**DATA:**

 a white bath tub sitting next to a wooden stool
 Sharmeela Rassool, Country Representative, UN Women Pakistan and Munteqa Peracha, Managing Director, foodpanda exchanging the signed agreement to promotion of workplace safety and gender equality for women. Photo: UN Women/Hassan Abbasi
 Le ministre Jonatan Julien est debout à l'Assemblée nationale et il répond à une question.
* * *
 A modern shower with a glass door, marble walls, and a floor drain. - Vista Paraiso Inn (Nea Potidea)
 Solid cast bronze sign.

**WHAT NEEDS TO BE DONE:**
The answer is the run of lines above from the line containing "A modern shower" through the line containing "Solid cast bronze sign.", copied exactly and alone.

**THE ANSWER:**
 A modern shower with a glass door, marble walls, and a floor drain. - Vista Paraiso Inn (Nea Potidea)
 Solid cast bronze sign.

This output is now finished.